= 1996 Beijing Cash Truck Robbery =

1996 armed robbery in Beijing

The 1996 Beijing Cash Truck Robbery was an armed robbery that took place on February 8, 1996, at the Ganshiqiao ICBC bank branch located in Beijing.

==Event==
At 9:50 a.m. on February 8, 1996, the staff at the Ganshiqiao ICBC branch in Beijing had finished loading a secure box of bank notes into an armored car parked outside. A masked armed assailant then emerged from a nearby blue sedan and opened fire. A security guard and an armored car staff member were hit by bullets, both of whom died on the scene. The masked man then grabbed the box containing the bank notes and fled. The box contained 1,160,000 CNY in bank notes (approximately US$140,000 at contemporary exchange rates)

==Aftermath==
The suspected assailant was Lu Xianzhou (鹿宪州) a convicted criminal who had escaped from jail in 1994 after being imprisoned there for armed robbery. He got together with some gang members following his escape and went on a spree of robberies during the years 1994–1996. Following his success in the cash truck robbery, Lu Xianzhou again robbed two more armoured cars on June 3 and August 26 of the same year.

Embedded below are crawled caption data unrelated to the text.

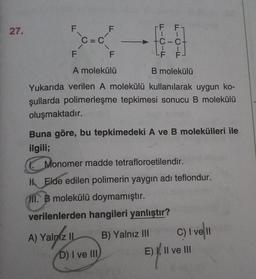 27.
F
F F
F
C=C
1
-C-ct
1
LF F
F
F
A molekülü
B molekülü
Yukarıda verilen A molekülü kullanılarak uygun ko-
şullarda polimerleşme tepkimesi sonucu B molekülü
oluşmaktadır.
Buna göre, bu tepkimedeki A ve B molekülleri ile
ilgili;
Monomer madde tetrafloroetilendir.
H Elde edilen polimerin yaygın adı teflondur.
HII. B molekülü doymamıştır.
verilenlerden hangileri yanlıştır?
A) Yalniz II B) Yalnız III C) I ve II
D) I ve III
E) XII ve III
E)
y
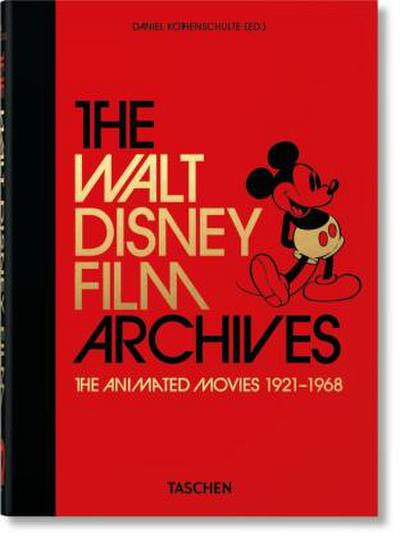 Les Archives des films Walt Disney. Les films d’animation 1921-1968. 45th Ed.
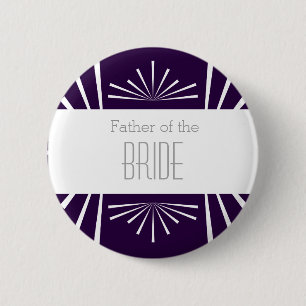 Father of the Bride Button - Choose your color!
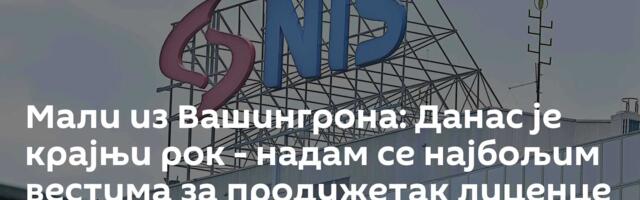 Мали из Вашингрона: Данас је крајњи рок - надам се најбољим вестима за продужетак лиценце НИС-у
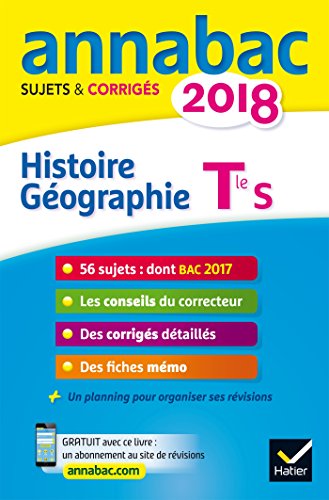 Beispielbild fr Annales Annabac 2018 Histoire-Gographie Tle S: sujets et corrigs du bac Terminale S zum Verkauf von medimops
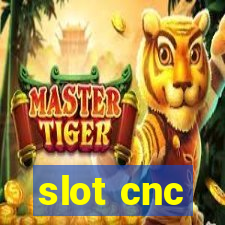 slot cnc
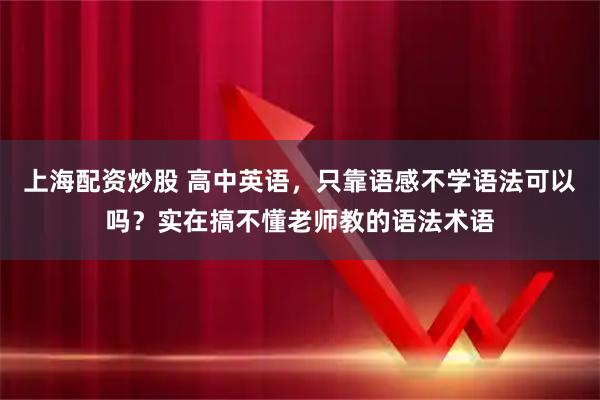 上海配资炒股 高中英语，只靠语感不学语法可以吗？实在搞不懂老师教的语法术语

He reportedly had set a goal for himself to steal at least 20,000,000 RMB.

At midnight September 8, 1996, he went to a restaurant in Beijing and the police laid an ambush for him outside. The police opened fire on him as he left and wounded him. He was taken to hospital and died from his wounds in November. Eight others were arrested in connection with him and his gang, four of whom were sentenced to execution and four of whom were sentenced to prison.

One of the investigators in the Beijing police who worked on the case at the time was Fu Zhenghua, who later became the minister of justice in Xi Jinping's government.